- **What is being asked**: Pictures aside, reproduce exactly and only the lines from the one containing "WOODY ALLEN AND HIS GIRLFRIEND" through the end of the records.
Records supplied Start Marker
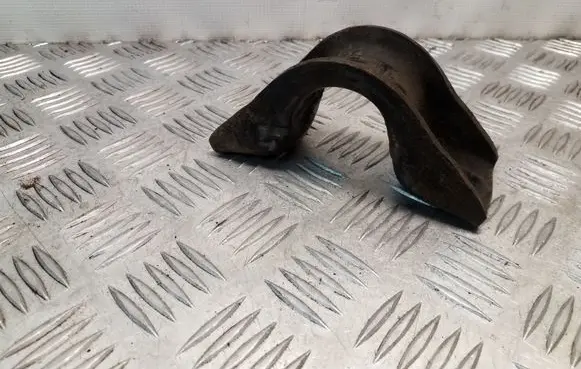 Jeep Grand Cherokee (WK) Sway bar bush bracket, front 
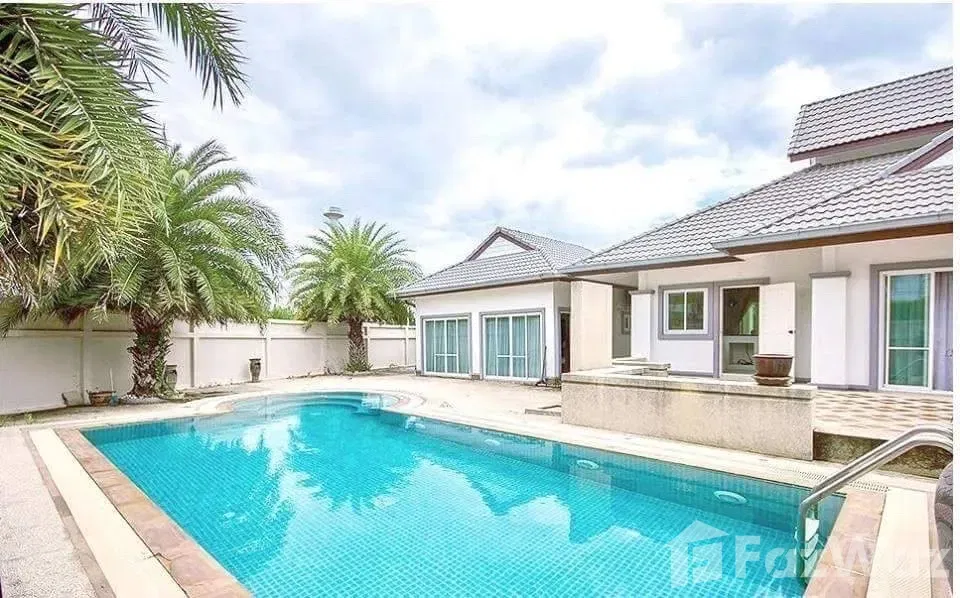 picture 4 Bedroom Villa for rent at Emerald Resort 1053114 - 2/16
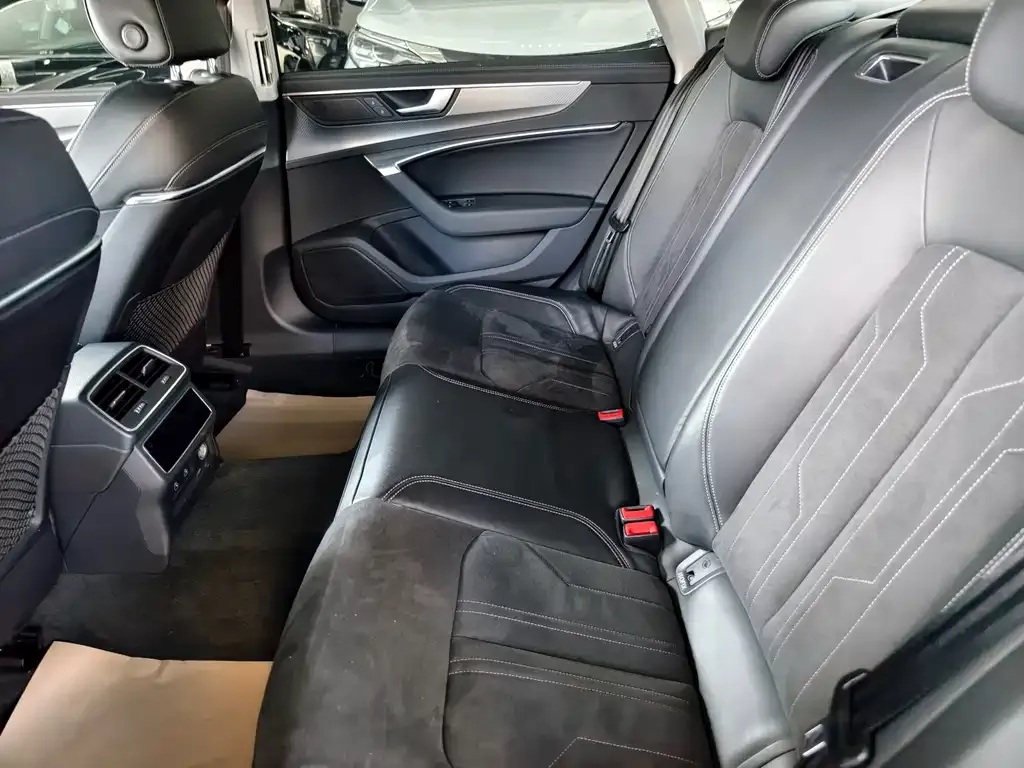 Audi A7L 2023 из CN, фото 3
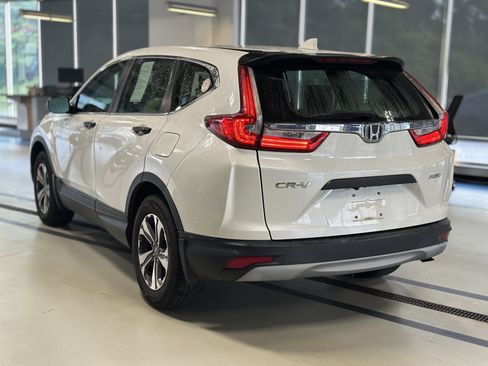 Used 2017 Honda CR-V LX image 8
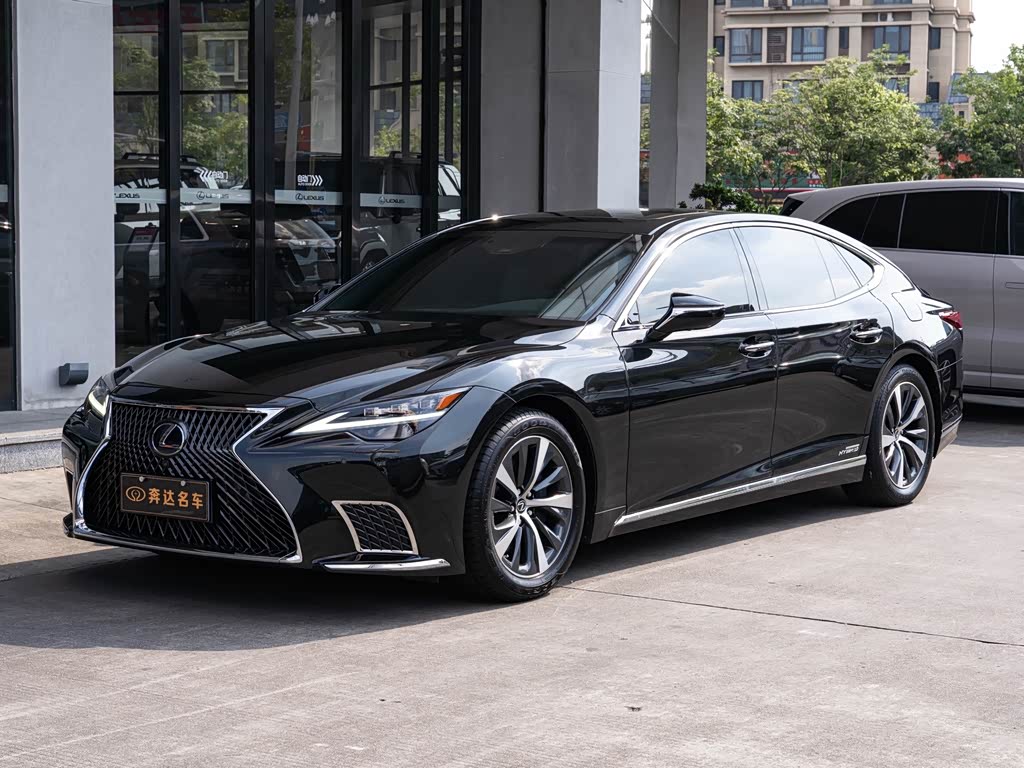 Lexus LS 2021 500h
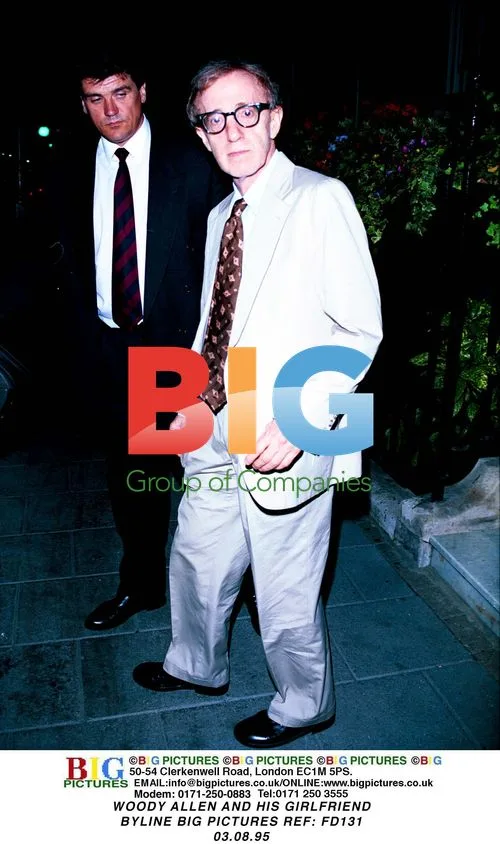 WOODY ALLEN AND HIS GIRLFRIEND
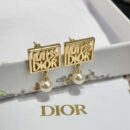 ☑️DIOR迪奥MISS珍珠耳钉耳环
Records supplied End Marker
- **Result for this exercise**:
 WOODY ALLEN AND HIS GIRLFRIEND
 ☑️DIOR迪奥MISS珍珠耳钉耳环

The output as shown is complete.